When asked about salvation, or the gospel, teachers, preachers, and seminary scholars will immediately refer to any number of scripture passages and then tell you what they think it means. And, I might add, they do it for good reason. The Bible is filled with teaching about this topic and if you read the Bible much they are hard to miss. Many people will select John 3 to make their case for salvation. It is a great chapter. I can’t get past John 1. That’s where I drive my stake in the ground.

The Gospel of John, the latest of the gospels, was written some 40 years after Jesus lived on earth and ascended to the Father. Most scholars agree the writer was John the disciple of Jesus from the great city of Ephesus. What a book! It begins with teaching about the divinity of Jesus, his eternal attributes, and ends with the resurrection. John covers only a few of the great miracles (Signs) of Jesus the God man and ends with these words in the 20th chapter.

30 Now Jesus did many other signs in the presence of the disciples, which are not written in this book; 31 but these are written so that you may believe that Jesus is the Christ, the Son of God, and that by believing you may have life in his name.” This is the heart of the good news about Jesus and God’s work through Him for the sake of ungodly sinners. Being saved by believing doesn’t fit some denominational particulars and others will insist that there is much more. Before someone’s eyes bleed will you stay with me for a while?

Before we get wrapped up into a fury let’s take a deep breath and go back to a passage of scripture in John 1.

11 He came to his own, and his own people did not receive him. 12 But to all who did receive him, who believed in his name, he gave the right to become children of God, 13 who were born, not of blood nor of the will of the flesh nor of the will of man, but of God.”

This is the way God saves sinners. It was true 40 or so years after Jesus left earth and went back to the side of the Father. It was true on the day of his resurrection, it was true on the day of Pentecost, and it is true today. He doesn’t have any other way to make a sinner fit for heaven. So…let’s take a look at what is said here.

“His own people” , the Jews largely rejected Him. Why? He didn’t fit their religious mold. Their merit based religious acts meant nothing to Him. When questioned by a member of the Jews’ highest court Jesus insisted that Nicodemus and everyone else needed to be born again. And how were they to do that? Not by another birth like the one he had already had but by simply believing, John 3:14–16

[14] And as Moses lifted up the serpent in the wilderness, so must the Son of Man be lifted up, [15] that whoever believes in him may have eternal life

[16] “For God so loved the world, that he gave his only Son, that whoever believes in him should not perish but have eternal life.

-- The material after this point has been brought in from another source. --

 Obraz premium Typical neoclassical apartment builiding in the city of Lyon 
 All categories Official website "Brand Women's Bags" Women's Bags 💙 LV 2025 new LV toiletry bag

How many times does God need to say it? You must grapple with this question. Is Jesus enough? Of course he is, but by thousands and millions of people, even religious people, just can’t accept that Jesus is enough. Many, many people, well meaning people, think Jesus needs some help. So they go through rites and rituals, they chant some words to impress upon God how faithful they are, they baptize, they adhere strictly to their group’s rules, they keep holy days, they stick to dietary rules, they give money, all in a failed effort to get God to like them more than he already might. And, listen carefully, it’s all a waste of time and proves to God that you don’t think what God accomplished in the doing and dying of Jesus is quite enough. So you reject his offer of believing in Jesus.

“All” who receive Him, “All” who believe have the God given right to become children of God. Not by the will of the “flesh”, not of the will of “man” but of God.

If you have not already, will you become the “Who” of John 1:12,13

The “who” received Him are the “who” that believed in Him are the “who” that become children of God and have been born again so they also have new life, eternal life, through the one who alone could say “I am the life”.